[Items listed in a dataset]
______

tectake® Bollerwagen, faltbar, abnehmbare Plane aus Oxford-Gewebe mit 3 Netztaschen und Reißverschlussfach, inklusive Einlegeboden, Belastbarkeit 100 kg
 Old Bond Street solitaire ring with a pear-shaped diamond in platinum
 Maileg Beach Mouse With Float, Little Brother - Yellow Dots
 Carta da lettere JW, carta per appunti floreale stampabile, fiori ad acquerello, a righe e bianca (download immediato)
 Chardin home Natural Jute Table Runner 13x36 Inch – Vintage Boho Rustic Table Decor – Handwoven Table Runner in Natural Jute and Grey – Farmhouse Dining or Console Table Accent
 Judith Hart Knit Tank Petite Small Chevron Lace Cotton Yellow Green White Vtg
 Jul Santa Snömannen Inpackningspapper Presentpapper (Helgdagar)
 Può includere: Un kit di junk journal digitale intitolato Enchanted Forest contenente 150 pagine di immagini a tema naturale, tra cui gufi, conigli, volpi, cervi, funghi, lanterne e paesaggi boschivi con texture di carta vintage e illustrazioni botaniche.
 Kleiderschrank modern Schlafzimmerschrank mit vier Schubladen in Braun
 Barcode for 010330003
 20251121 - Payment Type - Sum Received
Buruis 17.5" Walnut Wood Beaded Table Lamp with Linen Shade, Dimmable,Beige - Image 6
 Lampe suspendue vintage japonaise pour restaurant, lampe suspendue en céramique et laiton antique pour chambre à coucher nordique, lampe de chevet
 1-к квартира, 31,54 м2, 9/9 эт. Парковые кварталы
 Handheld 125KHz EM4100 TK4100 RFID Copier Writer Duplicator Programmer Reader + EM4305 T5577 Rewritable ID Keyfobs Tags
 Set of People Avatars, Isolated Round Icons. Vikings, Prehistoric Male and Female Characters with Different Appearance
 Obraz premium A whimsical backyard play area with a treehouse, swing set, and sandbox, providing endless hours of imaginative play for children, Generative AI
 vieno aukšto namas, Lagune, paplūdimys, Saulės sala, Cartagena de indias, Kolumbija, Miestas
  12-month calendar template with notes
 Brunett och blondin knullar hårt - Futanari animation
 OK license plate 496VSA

______

Please give all of the entries again, exactly as written.

§ **Written answer**:
tectake® Bollerwagen, faltbar, abnehmbare Plane aus Oxford-Gewebe mit 3 Netztaschen und Reißverschlussfach, inklusive Einlegeboden, Belastbarkeit 100 kg
 Old Bond Street solitaire ring with a pear-shaped diamond in platinum
 Maileg Beach Mouse With Float, Little Brother - Yellow Dots
 Carta da lettere JW, carta per appunti floreale stampabile, fiori ad acquerello, a righe e bianca (download immediato)
 Chardin home Natural Jute Table Runner 13x36 Inch – Vintage Boho Rustic Table Decor – Handwoven Table Runner in Natural Jute and Grey – Farmhouse Dining or Console Table Accent
 Judith Hart Knit Tank Petite Small Chevron Lace Cotton Yellow Green White Vtg
 Jul Santa Snömannen Inpackningspapper Presentpapper (Helgdagar)
 Può includere: Un kit di junk journal digitale intitolato Enchanted Forest contenente 150 pagine di immagini a tema naturale, tra cui gufi, conigli, volpi, cervi, funghi, lanterne e paesaggi boschivi con texture di carta vintage e illustrazioni botaniche.
 Kleiderschrank modern Schlafzimmerschrank mit vier Schubladen in Braun
 Barcode for 010330003
 20251121 - Payment Type - Sum Received
Buruis 17.5" Walnut Wood Beaded Table Lamp with Linen Shade, Dimmable,Beige - Image 6
 Lampe suspendue vintage japonaise pour restaurant, lampe suspendue en céramique et laiton antique pour chambre à coucher nordique, lampe de chevet
 1-к квартира, 31,54 м2, 9/9 эт. Парковые кварталы
 Handheld 125KHz EM4100 TK4100 RFID Copier Writer Duplicator Programmer Reader + EM4305 T5577 Rewritable ID Keyfobs Tags
 Set of People Avatars, Isolated Round Icons. Vikings, Prehistoric Male and Female Characters with Different Appearance
 Obraz premium A whimsical backyard play area with a treehouse, swing set, and sandbox, providing endless hours of imaginative play for children, Generative AI
 vieno aukšto namas, Lagune, paplūdimys, Saulės sala, Cartagena de indias, Kolumbija, Miestas
  12-month calendar template with notes
 Brunett och blondin knullar hårt - Futanari animation
 OK license plate 496VSA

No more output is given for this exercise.